Idd Loci Synergize to Prolong Islet Allograft Survival Induced by Costimulation Blockade in NOD Mice

Abstract

Objective NOD mice model human type 1 diabetes and are used to investigate tolerance induction protocols for islet transplantation in a setting of autoimmunity. However, costimulation blockade-based tolerance protocols have failed in prolonging islet allograft survival in NOD mice.

Research Design and Methods To investigate the underlying mechanisms, we studied the ability of costimulation blockade to prolong islet allograft survival in congenic NOD mice bearing insulin dependent diabetes (Idd) loci that reduce the frequency of diabetes.

Results The frequency of diabetes is reduced in NOD.B6 Idd3 mice, and virtually absent in NOD.B6/B10 Idd3 Idd5 mice. Islet allograft survival in NOD.B6 Idd3 mice treated with costimulation blockade is prolonged as compared to NOD mice, and in NOD.B6/B10 Idd3 Idd5 mice islet allograft survival is similar to that achieved in C57BL/6 mice. Conversely, some Idd loci were not beneficial for the induction of transplantation tolerance. Alloreactive CD8 T cell depletion in (NOD × CBA)F1 mice treated with costimulation blockade was impaired as compared to similarly treated (C57BL/6.H2^g7x CBA)F1 mice. Injection of exogenous IL-2 into NOD mice treated with costimulation prolonged islet allograft survival. NOD.B6 Idd3 mice treated with costimulation blockade deleted alloreactive CD8 T cells and exhibited prolonged islet allograft survival.

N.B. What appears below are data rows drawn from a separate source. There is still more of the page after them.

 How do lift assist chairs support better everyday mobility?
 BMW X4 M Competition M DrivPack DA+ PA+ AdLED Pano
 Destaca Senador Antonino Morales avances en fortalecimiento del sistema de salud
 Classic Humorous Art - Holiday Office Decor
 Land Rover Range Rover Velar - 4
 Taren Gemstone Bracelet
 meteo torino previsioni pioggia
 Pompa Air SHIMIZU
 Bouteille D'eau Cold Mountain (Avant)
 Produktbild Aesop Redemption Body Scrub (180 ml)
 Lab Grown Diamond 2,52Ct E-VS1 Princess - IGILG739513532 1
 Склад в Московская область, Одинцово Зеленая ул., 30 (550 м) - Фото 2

Conclusions Il2 is the Idd3 diabetes susceptibility gene and can influence the outcome of T cell deletion and islet allograft survival in mice treated with costimulation blockade. These data suggest Idd loci can facilitate induction of transplantation tolerance by costimulation blockade and that IL-2/Idd3 is a critical component in this process.